Signo Sinal

“Sou da raça dos inúteis, dos que inventam a vida por sobre a vida, dos que constroem o real para além de todo o real e esse real é que é, dos que sabem o que perdura para lá do que é mudável e passa, dos que traem a verdade, porque há outra verdade ainda e mais nenhuma depois dela, dos que fecham os olhos para ver, dos que conhecem a memória e a transfiguração e a sua pátria é essa, dos que um pouco esquecem o que acontece, para habitar o que disso sobra e fica, dos marginais, dos amorais – qual é a tua moralidade?”, Vergílio Ferreira (Signo Sinal)

“e a ordem dos homens ser o sinal visível de um signo invisível (…) e descobrirmos o incrível de nós e das coisas e ser tudo tão simples como um simples olhar aberto.”, Vergílio Ferreira (Signo Sinal)

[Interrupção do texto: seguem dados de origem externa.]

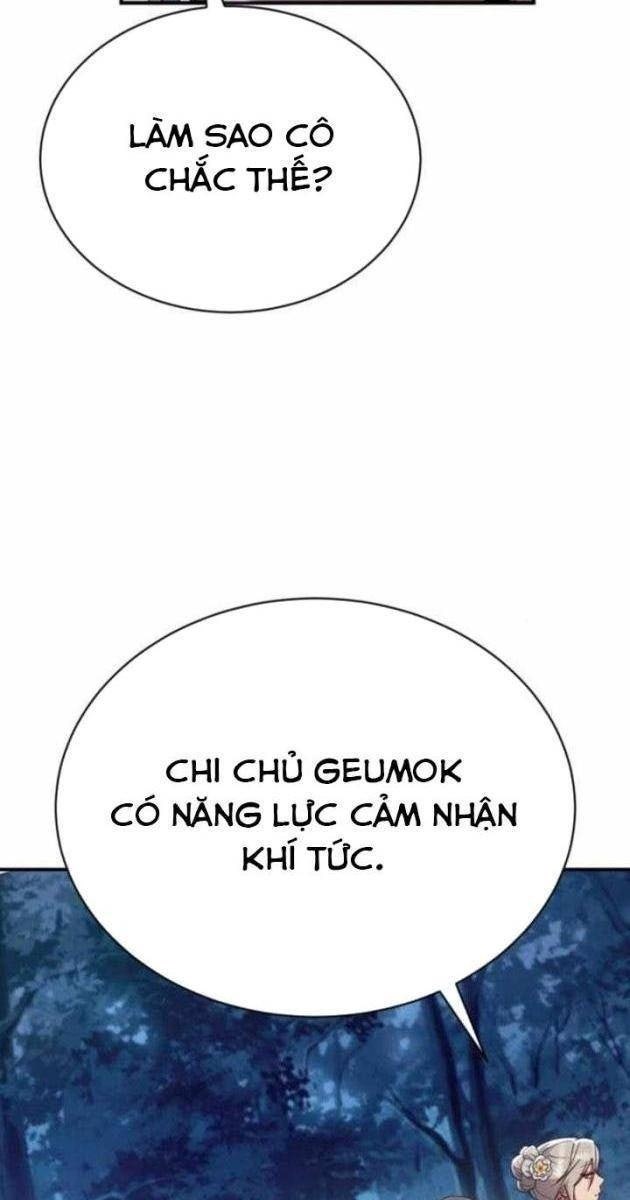 Thiên Ma Muốn Sống Một Cuộc Đời Bình Lặng - Page 40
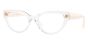VOGUE JUNIOR FRAMES VY2031 W745 48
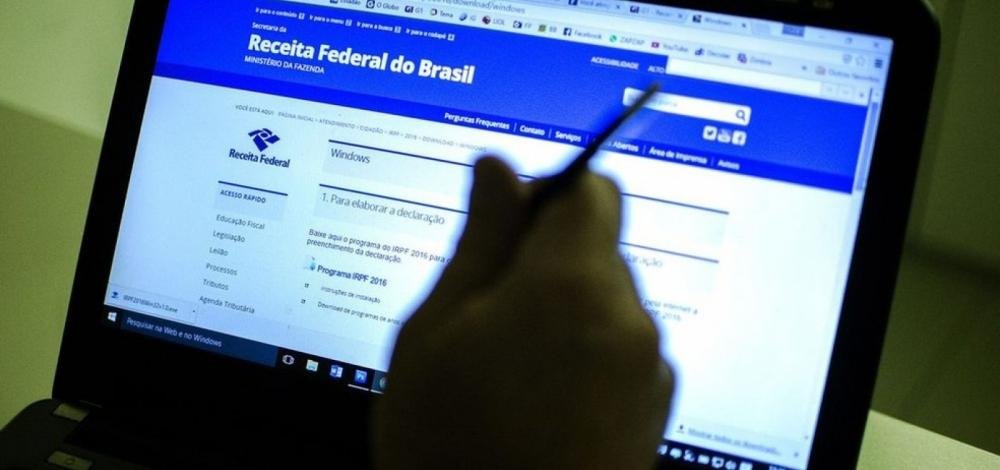 Imposto de Renda 2020: quase 60 mil baianos ficaram retidos na malha fina, diz Receita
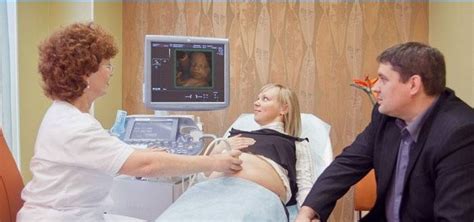 Ein ziehen in den brüsten und. Lohnt es sich, während der Schwangerschaft 3D-Ultraschall ...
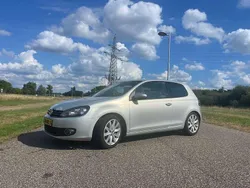 Grijs Gebruikt 2009 VW Golf VI Highline Coupé | € 4.500 (Eerlijke prijs)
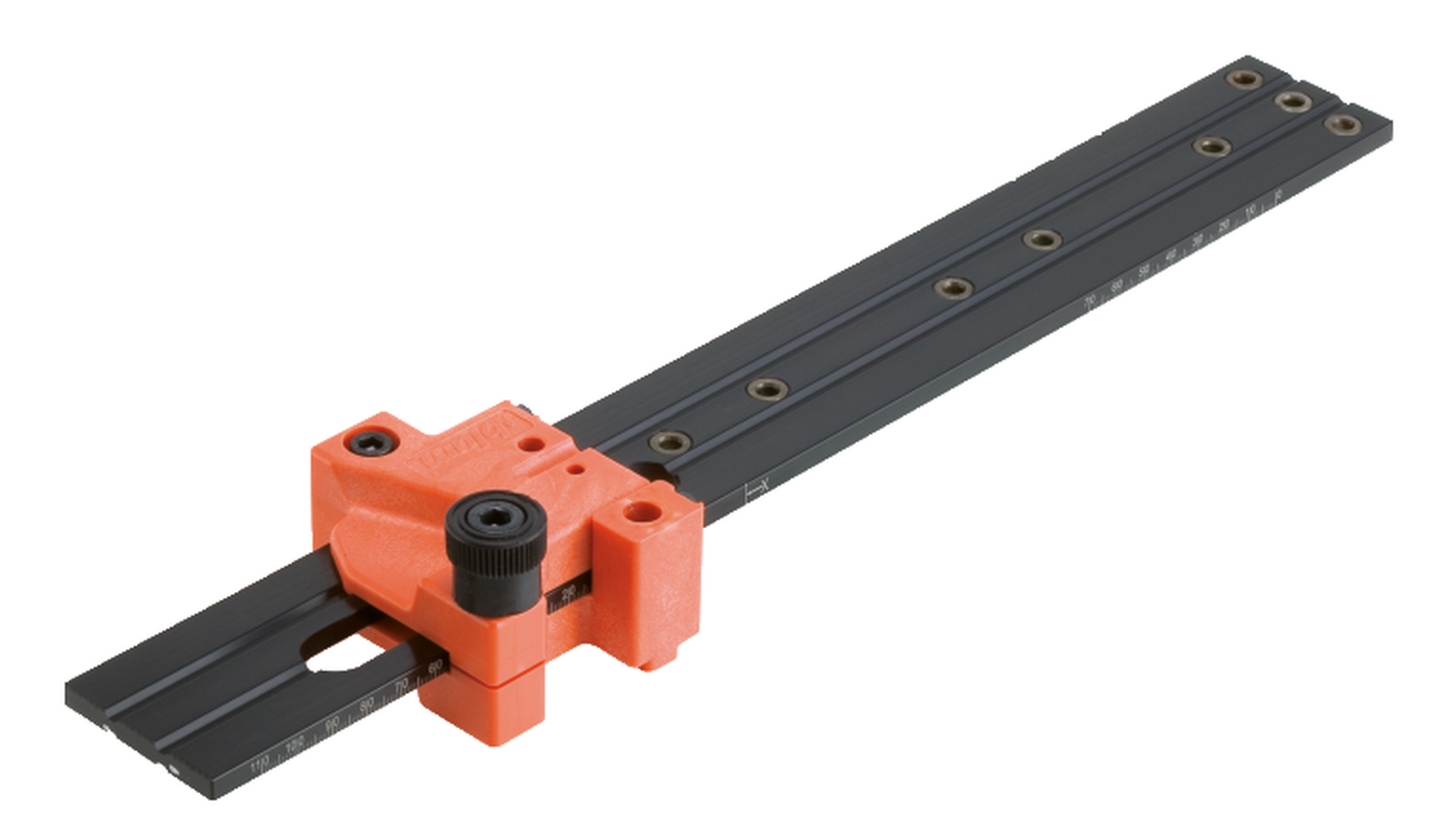Blum Lehrenkörper für Stangenlehre 2,5/5 mm Buchsen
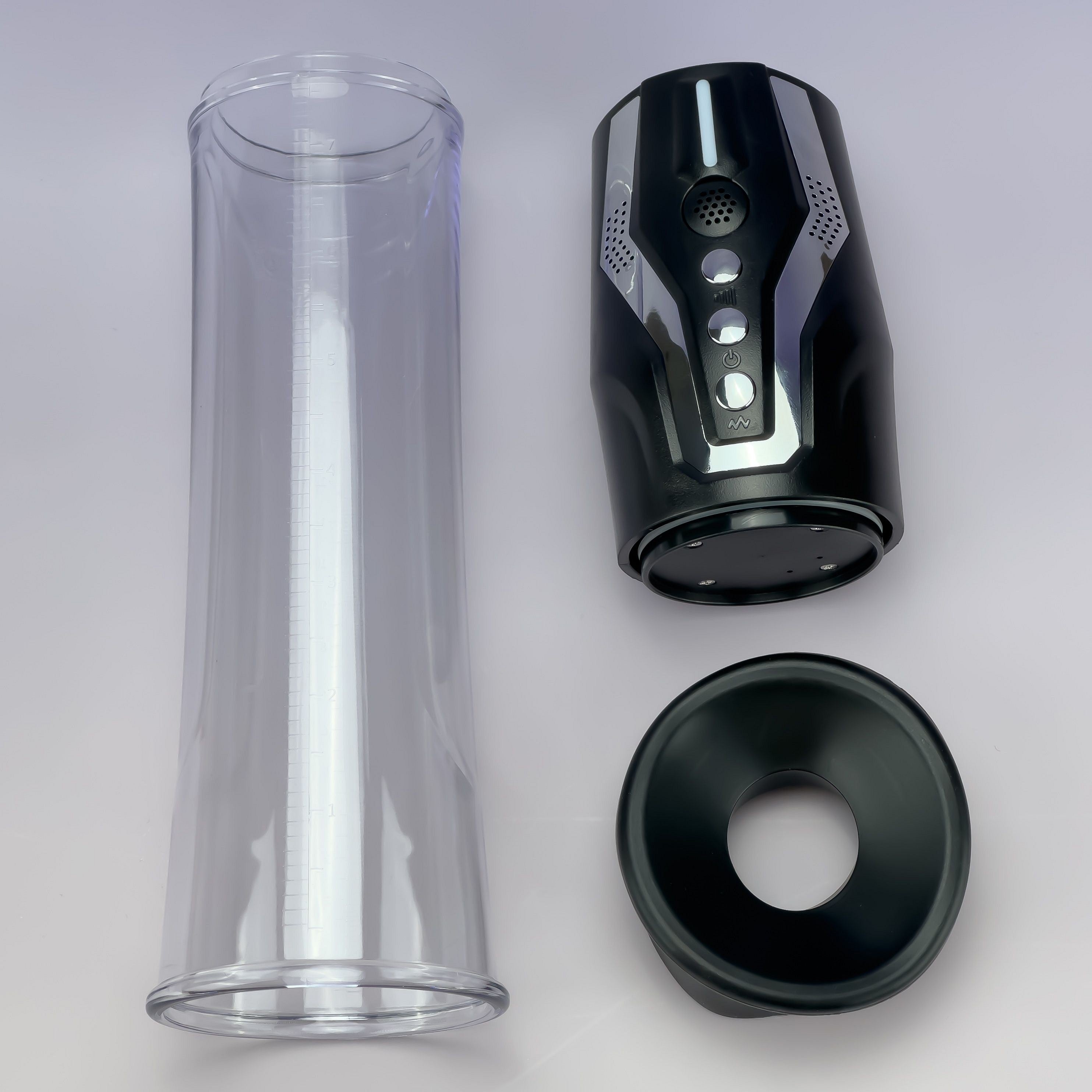 Auto Maximizer Automatic Penis Pump product image 6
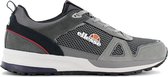 Ellesse Chuck - Heren Sneakers Sport Casual Schoenen Grijs EL01M50415-01 - Maat EU 41 UK 7.5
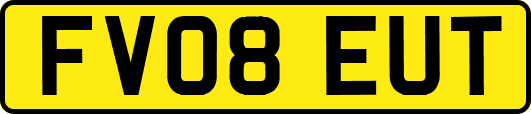 FV08EUT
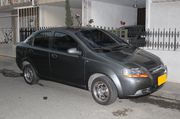 Chevrolet Aveo • 2009 • 160,000 km 2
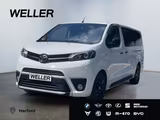 Toyota Proace 2.0 D-4D Verso L2 Executive *StHz*AHK*CAM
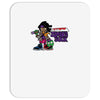 michonne Mousepad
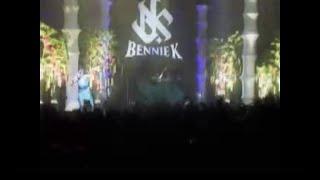 BENNIE K - UNITY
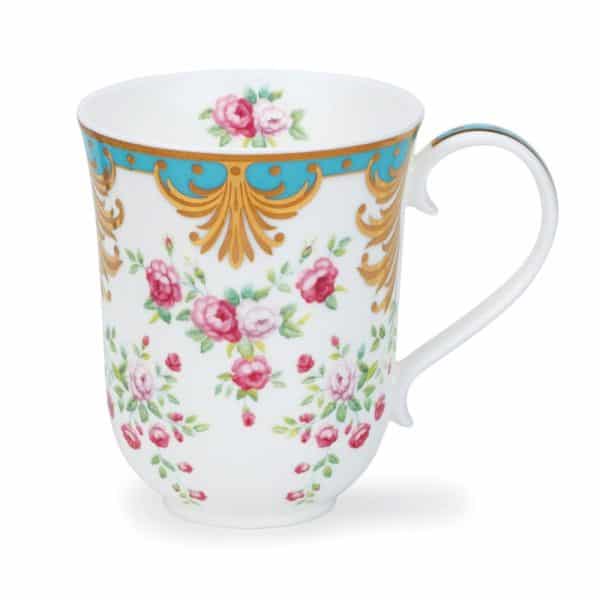 Treviso pink mit 22 Karat Gold - Braemar 0,33l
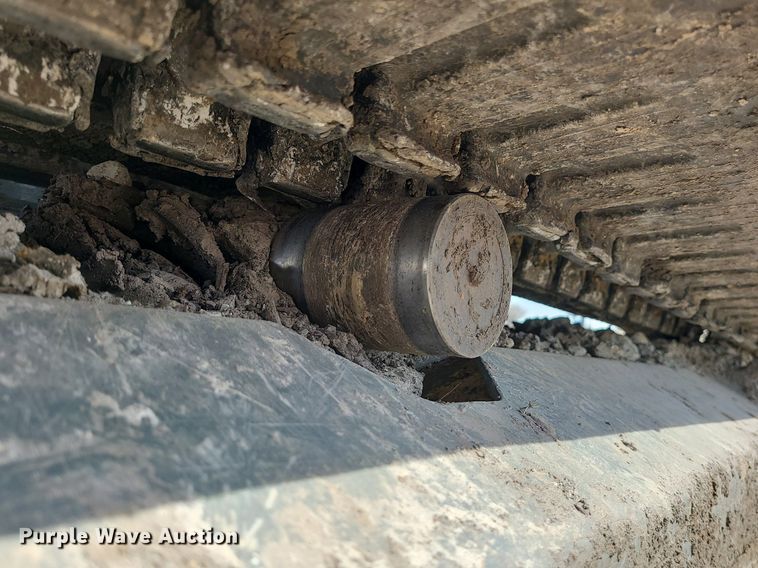 image for item LH9854 Wacker Neuson ET65  mini excavator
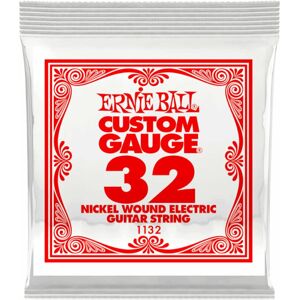 Ernie Ball P01132 Samostatná struna pro kytaru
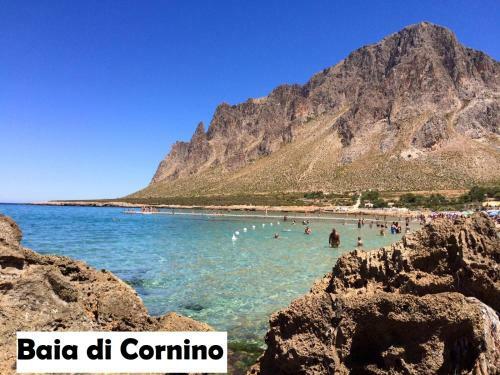 Valderice Relax Tra Cielo E Mare
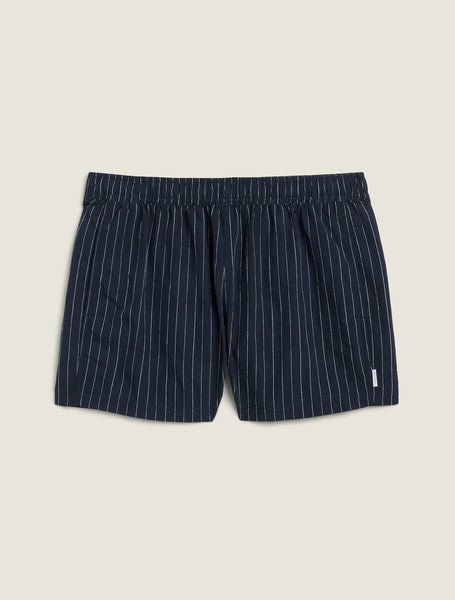 Storm Tailored Stripe Trunks | AUTO-REPLY™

“lembrarei, para reflexões futuras, um livro tão inesperado como Signo Sinal (1979), onde o tratamento grotesco da revolução de Abril se faz através da paródia (séria e cómica: ver, por exemplo, o discurso das três mulheres; o discurso da Muda, ainda por cima bêbeda; a invasão do mortos, e a referência às sessões na Assembleia), insistindo-se também nos efeitos de redundância, da concessão ao exagero e à deformação, sintomas de uma indiferenciação axiológica e não exatamente de conservadorismo político; o modo romanesco de Vergílio Ferreira permanece intacto (o enquadramento ficcional da praia e da aldeia, correspondentes a tempos diferentes, mas não simétricos, da narração, o evocativo e o fatual; a situação subjetiva do labirinto e a companhia do cão Teseu), mas personagens como a puta Carolina (mesmo tendo em conta que o obsceno é uma categoria emergente da obra do Autor a partir de Alegria breve) e, sobretudo, o Arquiteto, surpreendem”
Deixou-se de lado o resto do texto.